People (including me) had high expectations out of Chidambaram’s budget which failed to deliver on many counts including bold moves to grease the economy and markets. For example, it was negative or absent on clear timetable for GST and DTC roll out, bold moves to encourage/ de-bottleneck investments in infrastructure, power and real estate, Reduction of Income Tax exemption or deduction limits to improve savings rate /investment rate, giving incentives to divert savings from real estate/ gold to financial savings, mandating PSUs to step up investment using the cash pile they have etc. The only good thing about the budget was Chidambaram’s delivering on FY13 goal on 5.3% fiscal deficit and his plans to reduce the fiscal deficit to 4.5% by FY14 end.

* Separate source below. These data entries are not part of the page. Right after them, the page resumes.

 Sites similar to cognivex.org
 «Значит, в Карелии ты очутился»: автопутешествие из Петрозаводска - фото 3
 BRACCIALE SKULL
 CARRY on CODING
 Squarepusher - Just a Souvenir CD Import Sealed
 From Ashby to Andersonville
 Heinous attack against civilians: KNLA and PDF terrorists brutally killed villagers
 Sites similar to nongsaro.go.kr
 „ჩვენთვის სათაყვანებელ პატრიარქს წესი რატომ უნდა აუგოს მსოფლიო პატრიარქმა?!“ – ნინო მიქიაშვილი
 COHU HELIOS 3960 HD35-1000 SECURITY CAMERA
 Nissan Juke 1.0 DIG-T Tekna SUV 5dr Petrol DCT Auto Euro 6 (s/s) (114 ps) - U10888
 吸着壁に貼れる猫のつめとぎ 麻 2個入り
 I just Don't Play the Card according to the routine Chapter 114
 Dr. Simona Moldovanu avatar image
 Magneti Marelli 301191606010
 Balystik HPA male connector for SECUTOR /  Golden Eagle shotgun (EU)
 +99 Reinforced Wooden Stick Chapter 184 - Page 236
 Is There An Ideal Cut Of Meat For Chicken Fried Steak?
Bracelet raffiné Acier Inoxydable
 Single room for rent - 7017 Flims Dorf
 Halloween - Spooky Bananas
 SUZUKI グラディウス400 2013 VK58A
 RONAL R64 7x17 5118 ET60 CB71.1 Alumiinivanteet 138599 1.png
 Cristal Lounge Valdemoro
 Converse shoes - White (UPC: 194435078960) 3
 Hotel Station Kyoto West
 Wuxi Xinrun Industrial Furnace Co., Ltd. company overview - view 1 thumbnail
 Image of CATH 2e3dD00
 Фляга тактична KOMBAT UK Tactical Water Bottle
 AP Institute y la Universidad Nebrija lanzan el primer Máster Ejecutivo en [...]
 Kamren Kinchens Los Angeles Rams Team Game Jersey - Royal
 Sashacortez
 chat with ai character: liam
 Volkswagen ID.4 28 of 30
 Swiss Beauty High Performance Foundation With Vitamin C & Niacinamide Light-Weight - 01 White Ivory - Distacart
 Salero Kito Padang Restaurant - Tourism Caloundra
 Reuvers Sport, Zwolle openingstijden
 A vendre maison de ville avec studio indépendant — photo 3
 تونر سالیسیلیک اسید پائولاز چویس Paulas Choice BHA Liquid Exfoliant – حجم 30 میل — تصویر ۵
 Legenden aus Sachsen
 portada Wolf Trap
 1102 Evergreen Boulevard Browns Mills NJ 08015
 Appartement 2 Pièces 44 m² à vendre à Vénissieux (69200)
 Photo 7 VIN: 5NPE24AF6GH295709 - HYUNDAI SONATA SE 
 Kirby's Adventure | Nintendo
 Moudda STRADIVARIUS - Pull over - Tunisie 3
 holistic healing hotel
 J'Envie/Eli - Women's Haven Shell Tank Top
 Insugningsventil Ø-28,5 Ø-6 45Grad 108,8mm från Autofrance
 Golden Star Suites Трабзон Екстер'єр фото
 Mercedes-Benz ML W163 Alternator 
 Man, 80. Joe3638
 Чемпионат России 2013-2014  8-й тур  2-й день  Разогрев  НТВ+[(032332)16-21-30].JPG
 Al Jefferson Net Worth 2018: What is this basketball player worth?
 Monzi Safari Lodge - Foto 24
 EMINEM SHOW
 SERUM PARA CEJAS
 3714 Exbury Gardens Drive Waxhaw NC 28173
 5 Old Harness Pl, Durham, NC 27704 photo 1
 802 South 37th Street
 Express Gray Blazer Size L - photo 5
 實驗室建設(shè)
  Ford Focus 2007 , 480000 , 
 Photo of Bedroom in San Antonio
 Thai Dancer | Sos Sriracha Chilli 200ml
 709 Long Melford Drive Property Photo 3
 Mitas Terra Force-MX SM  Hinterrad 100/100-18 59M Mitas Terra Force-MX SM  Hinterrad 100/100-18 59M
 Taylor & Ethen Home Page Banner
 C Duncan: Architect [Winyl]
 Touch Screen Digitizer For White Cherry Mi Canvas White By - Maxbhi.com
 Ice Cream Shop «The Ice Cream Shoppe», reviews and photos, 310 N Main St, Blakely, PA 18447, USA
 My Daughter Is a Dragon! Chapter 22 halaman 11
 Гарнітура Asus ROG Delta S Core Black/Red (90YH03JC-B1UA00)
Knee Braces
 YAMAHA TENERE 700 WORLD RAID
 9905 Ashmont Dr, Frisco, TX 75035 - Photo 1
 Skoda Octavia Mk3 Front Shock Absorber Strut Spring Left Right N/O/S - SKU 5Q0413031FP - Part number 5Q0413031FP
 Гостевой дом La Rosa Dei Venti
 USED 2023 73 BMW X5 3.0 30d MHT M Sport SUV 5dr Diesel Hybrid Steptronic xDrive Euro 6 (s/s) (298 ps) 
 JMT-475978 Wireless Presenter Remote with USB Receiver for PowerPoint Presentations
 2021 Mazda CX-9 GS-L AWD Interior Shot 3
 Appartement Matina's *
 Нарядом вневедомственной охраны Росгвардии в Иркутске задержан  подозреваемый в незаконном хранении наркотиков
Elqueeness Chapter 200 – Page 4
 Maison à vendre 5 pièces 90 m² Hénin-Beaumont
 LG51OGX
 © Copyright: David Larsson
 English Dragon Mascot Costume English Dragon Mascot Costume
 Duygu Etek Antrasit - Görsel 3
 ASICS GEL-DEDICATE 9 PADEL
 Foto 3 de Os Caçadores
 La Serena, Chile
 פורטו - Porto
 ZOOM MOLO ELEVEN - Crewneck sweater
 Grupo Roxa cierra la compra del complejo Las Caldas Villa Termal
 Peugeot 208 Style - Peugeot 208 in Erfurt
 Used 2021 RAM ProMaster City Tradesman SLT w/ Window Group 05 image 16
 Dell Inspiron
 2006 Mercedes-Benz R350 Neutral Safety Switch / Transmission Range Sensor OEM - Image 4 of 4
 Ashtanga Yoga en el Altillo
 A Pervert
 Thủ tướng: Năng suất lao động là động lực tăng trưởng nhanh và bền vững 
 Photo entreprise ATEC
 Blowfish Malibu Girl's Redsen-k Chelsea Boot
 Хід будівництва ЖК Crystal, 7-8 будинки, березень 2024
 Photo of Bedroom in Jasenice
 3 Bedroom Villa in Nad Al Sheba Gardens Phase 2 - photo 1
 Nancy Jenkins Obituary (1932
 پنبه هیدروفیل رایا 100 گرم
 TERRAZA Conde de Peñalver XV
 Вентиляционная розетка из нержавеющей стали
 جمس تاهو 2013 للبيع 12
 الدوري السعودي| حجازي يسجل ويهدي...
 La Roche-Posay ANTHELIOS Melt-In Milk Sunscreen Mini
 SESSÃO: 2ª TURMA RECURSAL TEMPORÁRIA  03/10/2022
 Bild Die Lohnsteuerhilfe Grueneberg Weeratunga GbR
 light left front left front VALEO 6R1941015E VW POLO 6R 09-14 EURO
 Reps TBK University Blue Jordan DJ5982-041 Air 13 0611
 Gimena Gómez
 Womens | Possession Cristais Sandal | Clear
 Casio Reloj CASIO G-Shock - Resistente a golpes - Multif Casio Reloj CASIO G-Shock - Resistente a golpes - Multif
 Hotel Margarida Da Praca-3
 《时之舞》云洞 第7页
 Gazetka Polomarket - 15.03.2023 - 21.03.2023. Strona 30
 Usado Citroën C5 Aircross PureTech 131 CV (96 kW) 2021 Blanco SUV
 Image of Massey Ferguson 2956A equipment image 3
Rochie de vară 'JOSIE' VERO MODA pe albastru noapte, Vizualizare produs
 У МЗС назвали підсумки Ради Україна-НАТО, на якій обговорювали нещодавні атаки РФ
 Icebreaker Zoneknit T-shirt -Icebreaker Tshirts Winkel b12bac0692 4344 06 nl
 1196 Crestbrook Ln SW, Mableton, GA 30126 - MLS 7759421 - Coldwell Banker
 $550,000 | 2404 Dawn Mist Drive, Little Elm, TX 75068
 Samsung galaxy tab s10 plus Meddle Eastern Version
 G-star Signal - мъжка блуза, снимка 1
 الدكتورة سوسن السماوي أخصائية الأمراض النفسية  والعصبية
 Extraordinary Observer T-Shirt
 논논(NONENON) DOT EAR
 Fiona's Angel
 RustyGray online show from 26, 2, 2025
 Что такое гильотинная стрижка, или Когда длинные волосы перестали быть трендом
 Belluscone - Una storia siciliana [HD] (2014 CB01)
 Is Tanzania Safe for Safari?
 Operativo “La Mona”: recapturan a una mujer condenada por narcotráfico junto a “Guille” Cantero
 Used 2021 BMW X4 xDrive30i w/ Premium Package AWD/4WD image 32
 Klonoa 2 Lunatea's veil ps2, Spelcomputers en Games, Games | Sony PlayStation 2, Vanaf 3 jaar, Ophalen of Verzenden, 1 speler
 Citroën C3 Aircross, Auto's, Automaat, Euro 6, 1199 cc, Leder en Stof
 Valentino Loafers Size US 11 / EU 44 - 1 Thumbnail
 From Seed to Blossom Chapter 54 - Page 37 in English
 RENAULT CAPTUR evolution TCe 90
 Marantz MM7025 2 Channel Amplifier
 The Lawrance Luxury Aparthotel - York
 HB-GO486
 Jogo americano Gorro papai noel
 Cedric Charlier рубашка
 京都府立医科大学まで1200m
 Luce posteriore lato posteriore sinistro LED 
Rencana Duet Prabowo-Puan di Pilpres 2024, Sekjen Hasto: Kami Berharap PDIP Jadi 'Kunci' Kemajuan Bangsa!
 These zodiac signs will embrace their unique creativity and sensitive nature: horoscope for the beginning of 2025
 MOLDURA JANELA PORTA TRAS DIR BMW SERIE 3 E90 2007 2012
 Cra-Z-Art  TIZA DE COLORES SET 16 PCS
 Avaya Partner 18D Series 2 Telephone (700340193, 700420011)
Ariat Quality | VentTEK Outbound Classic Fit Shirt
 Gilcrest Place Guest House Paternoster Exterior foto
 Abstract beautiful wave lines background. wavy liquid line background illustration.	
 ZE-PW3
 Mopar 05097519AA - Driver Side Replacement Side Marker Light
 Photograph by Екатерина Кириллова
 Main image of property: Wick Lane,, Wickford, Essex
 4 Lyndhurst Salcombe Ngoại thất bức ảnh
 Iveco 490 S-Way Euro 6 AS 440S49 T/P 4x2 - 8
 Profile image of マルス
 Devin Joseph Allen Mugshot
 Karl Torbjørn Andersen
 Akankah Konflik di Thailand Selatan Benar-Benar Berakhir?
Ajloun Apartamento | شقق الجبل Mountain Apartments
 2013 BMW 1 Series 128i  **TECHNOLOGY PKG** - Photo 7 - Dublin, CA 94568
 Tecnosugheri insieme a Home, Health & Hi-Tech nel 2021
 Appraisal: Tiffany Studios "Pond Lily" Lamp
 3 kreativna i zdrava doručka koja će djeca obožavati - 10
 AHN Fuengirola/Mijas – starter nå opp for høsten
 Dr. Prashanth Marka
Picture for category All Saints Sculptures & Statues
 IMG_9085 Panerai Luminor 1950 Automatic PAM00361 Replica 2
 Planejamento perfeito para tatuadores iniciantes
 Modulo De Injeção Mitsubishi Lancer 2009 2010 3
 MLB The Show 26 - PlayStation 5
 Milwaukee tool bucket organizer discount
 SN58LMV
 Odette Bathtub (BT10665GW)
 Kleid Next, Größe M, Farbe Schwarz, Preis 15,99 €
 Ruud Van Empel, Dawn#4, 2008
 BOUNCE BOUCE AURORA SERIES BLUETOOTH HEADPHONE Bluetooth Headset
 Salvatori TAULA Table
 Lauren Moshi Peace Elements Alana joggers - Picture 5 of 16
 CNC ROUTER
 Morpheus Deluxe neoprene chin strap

Though the budget was positive for news on fiscal deficit, it was largely disappointing and an opportunity forgone in terms of urgency/ speed of reforms and bold moves. However, even more interesting and disappointing was market’s reaction post the budget in the last 4 weeks. Firstly, the market over-reacted on the Mauritius related confusion  when market players assumed that Govt. is going to change the rules of the game for investments routed through Mauritius( in the form of the Tax Residency Certificate (TRC) being no longer just a necessary and sufficient condition).Govt. tried to clear the air few days later on the issue. After that, the global markets including India over-reacted on the Cyprus debt crisis issue. Just imagine the world markets over-reacted on a small economy contributing to $24 Billion of GDP(< 0.1% of world’s GDP), perhaps because it’s a safe haven for routing investments and perhaps because hyper market players thought that the bank run in Cyprus could trigger a bank run and collapse of European union. Then, market over-reacted a few weeks ago on some allegations of money laundering on some employees of 3 top private banks (ICICI bank, Axis bank and HDFC bank).Last week, Indian stocks fell because of weak global cues in U.S. and Europe. US stocks had the biggest weekly decline of the year for the Standard & Poor’s 500 Index, after data showed the nation added less than half the number of jobs economists forecast in March.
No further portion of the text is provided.